Say what you will about Kate Middleton — or Princess Catherine or Duchess of Something English or Waity Katie or whatever you want to call her — the lady can wear a hat.
And, as we count down to the royal wedding on April 29, I find that’s the thing about her that intrigues me most. Imagine a life where an assortment of hats awaits, for any occasion. Consider the somber mood created by her large black felt hat (leavened just a bit by a loop-the-loop heart), or the it’s-a-bird/it’s-a-plane silliness of that taupe-colored feather confection that seems to have made a landing on her head, or the insouciant tilt of her black-and-white flying saucer, or the charming miscellany of her itty-bitty fascinator, complete with feathers, buttons and a cameo. (A fascinator, by the way, is a small and usually whimsical headpiece, not quite substantial enough to be called a hat, but with sufficient personality to stand on its own.)
In those pictures, imagine each of her outfits without the hats. She’d look fine, smart, well-groomed, appropriate. But something would be missing; that extra touch of mystery and dash that a hat adds. Hats change the faces beneath them, adding authority and drama and making a simple outfit suddenly chic.
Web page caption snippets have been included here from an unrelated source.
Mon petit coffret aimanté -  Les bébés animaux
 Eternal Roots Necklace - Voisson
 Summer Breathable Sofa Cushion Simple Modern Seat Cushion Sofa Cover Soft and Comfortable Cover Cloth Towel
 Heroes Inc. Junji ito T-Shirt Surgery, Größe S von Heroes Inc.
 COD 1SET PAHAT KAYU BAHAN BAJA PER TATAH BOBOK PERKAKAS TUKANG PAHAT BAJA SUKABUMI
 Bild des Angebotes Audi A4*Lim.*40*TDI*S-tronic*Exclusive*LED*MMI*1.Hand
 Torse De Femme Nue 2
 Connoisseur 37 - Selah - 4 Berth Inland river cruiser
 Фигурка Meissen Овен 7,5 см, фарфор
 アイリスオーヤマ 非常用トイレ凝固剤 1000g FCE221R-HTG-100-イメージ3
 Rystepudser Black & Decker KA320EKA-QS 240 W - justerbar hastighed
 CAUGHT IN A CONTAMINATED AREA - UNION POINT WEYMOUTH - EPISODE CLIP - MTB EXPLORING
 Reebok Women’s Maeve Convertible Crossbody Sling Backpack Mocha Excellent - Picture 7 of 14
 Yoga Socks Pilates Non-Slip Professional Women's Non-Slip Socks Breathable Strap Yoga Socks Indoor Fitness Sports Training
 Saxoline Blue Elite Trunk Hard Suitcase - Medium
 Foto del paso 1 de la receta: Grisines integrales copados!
Think of the heroines of ’30s and ’40s movies, never fully dressed without a perfect chapeau; or, even now, pretty much any Helena Bonham Carter movie. (I remember the little-seen 2003 hatfest “The Heart of Me,” in which Bonham Carter is dismayed by the arrival of her sister, played by Olivia Williams, fully equipped with hat and veil. “Can’t you push that up?” she asks with cut-glass diction, referring to the veil. “I feel at a disadvantage.”)
Most Read Stories
The word “bareheaded” has pretty much left the language; instead, it’s become the default. Most of us walk around hatless, on days when it isn’t freezing or broiling, dreaming perhaps of the glorious hats we might wear had we the time, the budget, the right kind of hair, the je ne sais quoi.
But a princess-in-waiting doesn’t have that option. The soon-to-be-former Miss Middleton is about to become the great-granddaughter-in-law of the late Queen Mum, famous for her boisterously cheery hats that looked like Easter baskets on her head, and the daughter-in-law of the late Diana, Princess of Wales, who knew exactly what to do with a hat (though not always what to do with her bangs underneath them). Remember the sweet little veiled number Diana wore as part of her coral-colored going-away outfit, after another royal wedding many years ago? I do.
Will Kate have a going-away outfit, even though she and William reportedly aren’t leaving for the honeymoon until the day after the wedding? No doubt, and I bet the hat will be a lulu.
A while back, I went to a wedding in Scotland, with the reception held at a castle full of hatted ladies — myself included — strolling about and decorously sipping Champagne. As the afternoon progressed, I wondered about the logistics of removing our daytime hats for dinner (a crucial point of hat etiquette). Eventually, the smiling mother of the bride led a group of female guests to a ladies’ lounge, where we all removed our hats and fluffed up our hair, laying the hats on waiting tables.
Hours later, retrieving mine at the evening’s end, I remember how pretty the hats all looked, side-by-side in a bright, feathery crowd, and wondered if they’d chatted about their wearers when left alone.
Somewhere, Kate Middleton’s hats are assembled, ready to step into a new life with her. I think they’re up for the challenge.